Submit Results
CSV format
Create a CSV file named <device-slug>.csv with these columns:
device_id,kernel_id,dtype,input_shape,batch_size,impl_lang,latency_us,driver_version,toolchain,git_sha,submitter
nvidia-h100-sxm,softmax,f32,"[64, 1024]",1,cuda,12.3,CUDA 12.4,nvcc 12.4,abc1234,your-name
Steps
- Fork the pu-rs.org repo
- Add your CSV to
submissions/ - Open a pull request
- CI validates format and sanity checks
- Maintainers review and merge
Requirements
- Minimum 20 runs per (kernel, shape) pair
- Report median latency
- Include driver version and toolchain
- Device must exist in
db/seed_devices.sql(or add it in the same PR)
Running the benchmark
All benchmark scripts live in this repo under scripts/.
# Metal (Apple Silicon)
# Requires: ascend_metal_kernels Python module
# (build: cd ascend-rs/crates/ascend_metal_py && maturin develop --release)

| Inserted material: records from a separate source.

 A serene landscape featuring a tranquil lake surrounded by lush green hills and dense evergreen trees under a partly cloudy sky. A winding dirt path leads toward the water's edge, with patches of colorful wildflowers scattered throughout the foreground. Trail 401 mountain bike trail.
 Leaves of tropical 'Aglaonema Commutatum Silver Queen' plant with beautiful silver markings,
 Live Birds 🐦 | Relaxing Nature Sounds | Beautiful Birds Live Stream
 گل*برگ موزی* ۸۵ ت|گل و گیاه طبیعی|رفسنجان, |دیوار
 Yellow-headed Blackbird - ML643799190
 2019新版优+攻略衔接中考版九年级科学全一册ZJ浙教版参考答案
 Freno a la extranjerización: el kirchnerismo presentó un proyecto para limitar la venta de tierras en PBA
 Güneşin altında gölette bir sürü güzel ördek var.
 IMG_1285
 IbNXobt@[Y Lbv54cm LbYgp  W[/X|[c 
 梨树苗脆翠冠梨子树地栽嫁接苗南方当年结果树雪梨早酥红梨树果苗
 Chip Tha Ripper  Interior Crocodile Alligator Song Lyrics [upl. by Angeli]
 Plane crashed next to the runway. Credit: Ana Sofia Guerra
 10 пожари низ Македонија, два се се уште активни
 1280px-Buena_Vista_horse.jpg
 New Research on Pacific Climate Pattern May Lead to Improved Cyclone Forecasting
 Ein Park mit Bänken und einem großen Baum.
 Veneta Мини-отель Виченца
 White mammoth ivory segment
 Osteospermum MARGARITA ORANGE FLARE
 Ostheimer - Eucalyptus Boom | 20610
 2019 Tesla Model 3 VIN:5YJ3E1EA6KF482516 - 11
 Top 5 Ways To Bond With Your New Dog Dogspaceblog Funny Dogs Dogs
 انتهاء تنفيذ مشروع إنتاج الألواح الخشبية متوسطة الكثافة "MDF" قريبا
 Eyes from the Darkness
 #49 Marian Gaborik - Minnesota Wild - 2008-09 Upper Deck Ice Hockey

ASCEND_METAL_KERNELS=1 python3 scripts/bench_metal.py --device apple-m2-max-38
ASCEND_METAL_KERNELS=1 python3 scripts/bench_metal.py --device apple-m4-max-40 -o submissions/m4-max.csv
# Ascend NPU (Huawei 910B/910C)
# Requires: CANN SDK + ascend-rs repo cloned locally
bash scripts/bench_ascend.sh --device huawei-910b
bash scripts/bench_ascend.sh --device huawei-910c --only softmax --ascend-rs ~/ascend-rs
Supported backends
| Backend | Script | Prerequisites |
|---|---|---|
| Apple Metal | scripts/bench_metal.py | ascend_metal_kernels Python module (build instructions) |
| Huawei Ascend | scripts/bench_ascend.sh | CANN SDK + ascend-rs repo |
| NVIDIA CUDA | scripts/bench_cuda.py | Planned |
| AMD ROCm | scripts/bench_rocm.py | Planned |